Experimental reproducibility in high-throughput multi-omic analysis systems
Item statusRestricted Access
Embargo end date06/07/2020
Godwin, Duncan Richard Iain
The reproducibility of scientific studies is an important issue facing modern biology. A large number of studies published today cannot be reproduced, and the situation has been described as a reproducibility crisis. It has been shown that the inclusion of computational analysis within a study, adds a further level of complexity in reproducing the findings in that study. Even the reproduction of only the computational component of a study is fraught with difficulty. When provided with the source data, a list of the tools used and a protocol, it can still be difficult to produce the same results. One reason for this is that variation between different tools, versions, configurations, dependencies, operating systems and hardware, all contribute towards variation in the results. The work presented here addresses the problem of reproducibility through the design and implementation of a novel reproducible analysis system, Cumulus. The Cumulus system combines technologies such as virtualisation and high-throughput workflow systems, to automate the process of fully recording an analysis environment. Recording of an analysis environment allows it to be shared and reliably reproduced by other researchers. Automating this process enables reproduction of bioinformatic analysis by high-throughput analysis systems. The thesis then goes on to show how the Cumulus system was applied to reproduce and amend a published RNA-seq analysis and to create a novel proteomic analysis pipeline.
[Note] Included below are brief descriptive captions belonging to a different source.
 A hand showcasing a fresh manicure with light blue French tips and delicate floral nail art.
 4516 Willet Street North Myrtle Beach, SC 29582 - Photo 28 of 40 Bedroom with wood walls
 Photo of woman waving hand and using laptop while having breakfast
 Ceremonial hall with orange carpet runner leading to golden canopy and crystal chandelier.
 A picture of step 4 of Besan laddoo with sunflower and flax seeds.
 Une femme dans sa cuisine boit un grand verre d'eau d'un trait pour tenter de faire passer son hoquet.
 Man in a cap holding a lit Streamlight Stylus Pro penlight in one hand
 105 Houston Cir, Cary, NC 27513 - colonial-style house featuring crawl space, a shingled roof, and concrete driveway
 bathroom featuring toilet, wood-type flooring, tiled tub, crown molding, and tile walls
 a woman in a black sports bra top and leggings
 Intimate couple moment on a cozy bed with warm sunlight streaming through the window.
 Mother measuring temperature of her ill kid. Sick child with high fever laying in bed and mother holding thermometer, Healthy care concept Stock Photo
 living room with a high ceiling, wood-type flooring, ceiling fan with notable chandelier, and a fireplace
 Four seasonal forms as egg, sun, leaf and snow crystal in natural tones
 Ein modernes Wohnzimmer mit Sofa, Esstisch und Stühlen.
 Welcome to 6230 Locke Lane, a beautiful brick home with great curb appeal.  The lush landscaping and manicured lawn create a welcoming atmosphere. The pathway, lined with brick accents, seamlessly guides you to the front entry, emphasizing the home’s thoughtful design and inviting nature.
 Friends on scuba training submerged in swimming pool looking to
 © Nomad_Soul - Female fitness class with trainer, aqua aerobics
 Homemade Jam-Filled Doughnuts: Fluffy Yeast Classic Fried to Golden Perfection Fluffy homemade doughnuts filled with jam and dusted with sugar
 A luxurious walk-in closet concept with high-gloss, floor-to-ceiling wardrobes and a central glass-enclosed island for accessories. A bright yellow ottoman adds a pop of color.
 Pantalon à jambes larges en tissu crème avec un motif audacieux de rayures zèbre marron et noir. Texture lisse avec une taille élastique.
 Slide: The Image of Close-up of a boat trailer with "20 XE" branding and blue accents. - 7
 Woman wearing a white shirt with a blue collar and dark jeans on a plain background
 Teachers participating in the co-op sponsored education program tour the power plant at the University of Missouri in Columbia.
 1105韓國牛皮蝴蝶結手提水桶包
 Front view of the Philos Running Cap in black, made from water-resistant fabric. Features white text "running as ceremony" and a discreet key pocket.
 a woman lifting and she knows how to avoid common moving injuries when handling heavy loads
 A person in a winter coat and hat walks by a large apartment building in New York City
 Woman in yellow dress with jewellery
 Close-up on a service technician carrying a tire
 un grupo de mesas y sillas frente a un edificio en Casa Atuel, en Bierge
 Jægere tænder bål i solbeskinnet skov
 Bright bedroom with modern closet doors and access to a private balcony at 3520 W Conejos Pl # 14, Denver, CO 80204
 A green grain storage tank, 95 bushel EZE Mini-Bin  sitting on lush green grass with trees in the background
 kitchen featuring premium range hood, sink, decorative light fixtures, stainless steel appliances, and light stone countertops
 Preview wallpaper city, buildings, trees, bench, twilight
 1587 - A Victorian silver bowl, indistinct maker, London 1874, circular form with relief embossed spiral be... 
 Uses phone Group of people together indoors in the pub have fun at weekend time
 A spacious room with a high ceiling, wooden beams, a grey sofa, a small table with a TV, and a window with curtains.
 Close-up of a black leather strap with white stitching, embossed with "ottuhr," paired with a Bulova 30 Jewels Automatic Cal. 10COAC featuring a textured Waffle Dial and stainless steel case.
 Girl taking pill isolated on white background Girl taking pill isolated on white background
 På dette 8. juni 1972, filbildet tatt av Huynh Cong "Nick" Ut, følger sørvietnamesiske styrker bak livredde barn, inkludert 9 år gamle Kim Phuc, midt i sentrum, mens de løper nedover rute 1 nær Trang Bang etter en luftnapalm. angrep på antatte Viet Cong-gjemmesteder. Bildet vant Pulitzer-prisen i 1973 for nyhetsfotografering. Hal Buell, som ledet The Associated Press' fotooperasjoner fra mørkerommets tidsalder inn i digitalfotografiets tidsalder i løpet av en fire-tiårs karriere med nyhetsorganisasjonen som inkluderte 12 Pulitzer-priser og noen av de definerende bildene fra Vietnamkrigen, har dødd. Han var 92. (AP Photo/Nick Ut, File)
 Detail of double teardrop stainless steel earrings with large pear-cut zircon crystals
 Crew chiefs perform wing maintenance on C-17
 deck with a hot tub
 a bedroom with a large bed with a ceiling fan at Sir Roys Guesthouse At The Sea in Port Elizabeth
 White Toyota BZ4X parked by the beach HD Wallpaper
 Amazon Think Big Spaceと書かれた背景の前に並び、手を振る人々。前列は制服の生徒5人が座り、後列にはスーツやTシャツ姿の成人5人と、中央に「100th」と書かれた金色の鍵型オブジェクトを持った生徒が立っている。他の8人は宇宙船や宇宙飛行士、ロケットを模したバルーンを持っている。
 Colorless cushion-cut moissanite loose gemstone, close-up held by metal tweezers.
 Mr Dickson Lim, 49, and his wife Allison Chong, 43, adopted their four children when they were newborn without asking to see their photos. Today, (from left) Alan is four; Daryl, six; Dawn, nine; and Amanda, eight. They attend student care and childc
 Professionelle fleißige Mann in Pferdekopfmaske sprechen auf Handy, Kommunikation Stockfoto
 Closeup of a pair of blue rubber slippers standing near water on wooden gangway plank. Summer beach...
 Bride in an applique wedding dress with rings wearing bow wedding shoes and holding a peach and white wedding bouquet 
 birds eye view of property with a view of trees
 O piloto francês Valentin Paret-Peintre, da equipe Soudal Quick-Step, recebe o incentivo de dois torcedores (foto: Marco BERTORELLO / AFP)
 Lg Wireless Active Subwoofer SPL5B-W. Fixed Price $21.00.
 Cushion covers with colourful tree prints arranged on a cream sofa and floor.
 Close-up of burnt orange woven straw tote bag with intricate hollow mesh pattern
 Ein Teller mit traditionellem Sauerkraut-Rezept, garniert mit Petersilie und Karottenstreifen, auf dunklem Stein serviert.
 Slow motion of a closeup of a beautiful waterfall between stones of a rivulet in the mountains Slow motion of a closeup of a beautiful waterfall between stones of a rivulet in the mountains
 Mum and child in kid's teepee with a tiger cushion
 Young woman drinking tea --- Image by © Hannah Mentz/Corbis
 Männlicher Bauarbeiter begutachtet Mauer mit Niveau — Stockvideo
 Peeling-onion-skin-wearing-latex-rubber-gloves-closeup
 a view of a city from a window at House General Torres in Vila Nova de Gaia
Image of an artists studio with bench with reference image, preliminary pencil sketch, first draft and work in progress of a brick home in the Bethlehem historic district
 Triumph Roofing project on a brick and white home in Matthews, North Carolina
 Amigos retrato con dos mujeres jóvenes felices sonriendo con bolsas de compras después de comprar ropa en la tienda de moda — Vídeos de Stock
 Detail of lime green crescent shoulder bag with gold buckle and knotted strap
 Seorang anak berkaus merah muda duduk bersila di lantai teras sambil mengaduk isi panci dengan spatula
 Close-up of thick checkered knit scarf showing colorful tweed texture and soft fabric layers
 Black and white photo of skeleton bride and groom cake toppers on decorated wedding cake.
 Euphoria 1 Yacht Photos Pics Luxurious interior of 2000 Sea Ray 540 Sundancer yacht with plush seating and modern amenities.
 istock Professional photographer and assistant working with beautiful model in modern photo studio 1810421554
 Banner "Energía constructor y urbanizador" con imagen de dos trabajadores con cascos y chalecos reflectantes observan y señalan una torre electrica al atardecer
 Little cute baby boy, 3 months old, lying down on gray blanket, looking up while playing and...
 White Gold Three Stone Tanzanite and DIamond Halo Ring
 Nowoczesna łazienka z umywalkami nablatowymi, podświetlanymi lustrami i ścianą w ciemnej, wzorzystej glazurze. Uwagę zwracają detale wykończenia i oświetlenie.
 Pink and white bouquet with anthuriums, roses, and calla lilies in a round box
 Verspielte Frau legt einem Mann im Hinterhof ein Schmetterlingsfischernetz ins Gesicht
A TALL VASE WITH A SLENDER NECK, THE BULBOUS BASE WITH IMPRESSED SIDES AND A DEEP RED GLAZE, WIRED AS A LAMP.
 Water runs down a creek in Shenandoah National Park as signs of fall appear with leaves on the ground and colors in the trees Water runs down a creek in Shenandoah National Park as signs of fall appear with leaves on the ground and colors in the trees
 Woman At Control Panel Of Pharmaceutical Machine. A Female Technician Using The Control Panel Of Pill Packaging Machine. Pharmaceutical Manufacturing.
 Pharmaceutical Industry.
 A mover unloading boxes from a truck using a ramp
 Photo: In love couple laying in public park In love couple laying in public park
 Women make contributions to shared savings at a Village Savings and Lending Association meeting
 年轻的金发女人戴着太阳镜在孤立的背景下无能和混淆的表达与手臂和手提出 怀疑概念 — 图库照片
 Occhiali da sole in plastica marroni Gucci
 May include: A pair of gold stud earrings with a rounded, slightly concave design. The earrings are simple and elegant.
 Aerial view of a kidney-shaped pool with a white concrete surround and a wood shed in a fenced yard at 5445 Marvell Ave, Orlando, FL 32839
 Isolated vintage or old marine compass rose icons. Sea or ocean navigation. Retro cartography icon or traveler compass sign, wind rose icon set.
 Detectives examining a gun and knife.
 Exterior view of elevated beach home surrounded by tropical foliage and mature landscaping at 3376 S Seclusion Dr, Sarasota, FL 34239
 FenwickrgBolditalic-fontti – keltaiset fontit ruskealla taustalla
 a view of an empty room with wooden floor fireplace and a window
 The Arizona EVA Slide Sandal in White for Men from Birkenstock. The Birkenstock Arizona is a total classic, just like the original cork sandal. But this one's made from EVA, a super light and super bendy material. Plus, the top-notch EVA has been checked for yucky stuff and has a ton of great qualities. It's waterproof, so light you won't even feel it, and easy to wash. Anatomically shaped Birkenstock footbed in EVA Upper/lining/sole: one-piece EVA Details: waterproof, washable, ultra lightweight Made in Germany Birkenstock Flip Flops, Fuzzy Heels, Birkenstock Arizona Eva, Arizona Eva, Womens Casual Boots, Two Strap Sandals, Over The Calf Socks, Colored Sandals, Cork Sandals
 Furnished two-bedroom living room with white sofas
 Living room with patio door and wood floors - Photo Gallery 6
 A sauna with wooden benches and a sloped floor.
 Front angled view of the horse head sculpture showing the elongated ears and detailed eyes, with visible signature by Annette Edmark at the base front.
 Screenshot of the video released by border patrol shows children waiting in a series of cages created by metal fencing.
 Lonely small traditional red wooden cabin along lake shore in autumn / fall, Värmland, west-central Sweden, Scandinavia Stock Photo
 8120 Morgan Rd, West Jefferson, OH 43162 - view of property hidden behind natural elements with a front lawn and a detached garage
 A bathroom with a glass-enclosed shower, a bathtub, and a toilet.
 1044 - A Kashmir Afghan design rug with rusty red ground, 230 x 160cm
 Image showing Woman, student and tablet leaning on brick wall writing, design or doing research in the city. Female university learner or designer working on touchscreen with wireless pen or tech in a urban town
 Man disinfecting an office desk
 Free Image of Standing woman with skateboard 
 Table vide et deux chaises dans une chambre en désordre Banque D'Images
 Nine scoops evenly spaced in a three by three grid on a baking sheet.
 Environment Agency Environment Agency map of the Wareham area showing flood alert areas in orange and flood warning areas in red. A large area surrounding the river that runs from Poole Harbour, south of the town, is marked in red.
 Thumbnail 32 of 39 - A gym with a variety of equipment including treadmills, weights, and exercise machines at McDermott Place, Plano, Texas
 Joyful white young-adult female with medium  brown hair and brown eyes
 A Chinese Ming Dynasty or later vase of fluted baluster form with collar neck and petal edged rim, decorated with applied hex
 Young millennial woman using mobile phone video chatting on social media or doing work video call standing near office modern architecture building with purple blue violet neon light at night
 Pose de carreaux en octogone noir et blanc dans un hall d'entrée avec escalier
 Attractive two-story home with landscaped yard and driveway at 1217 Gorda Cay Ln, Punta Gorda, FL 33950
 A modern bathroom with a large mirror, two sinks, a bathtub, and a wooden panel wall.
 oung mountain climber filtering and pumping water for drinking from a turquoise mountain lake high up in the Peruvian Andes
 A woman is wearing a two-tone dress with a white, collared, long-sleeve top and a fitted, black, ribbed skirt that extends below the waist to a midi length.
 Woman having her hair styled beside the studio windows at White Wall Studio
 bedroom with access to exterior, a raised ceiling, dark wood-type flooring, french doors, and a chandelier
This proteomic pipeline was then used in the analysis of a pilot study, to identify binding partners of the Nanog protein, dependant on a part of the protein previously shown to be required for the maintenance of pluripotency. This analysis resulted in the identification of a novel Nanog interactome. In addition to this, a further set of tools are presented, including the Stembio Visualisation Framework, a framework which enables the construction of interactive visualisations using the Cumulus system. The initial application of this framework has been accepted as part of a publication in the Journal of Experimental Medicine.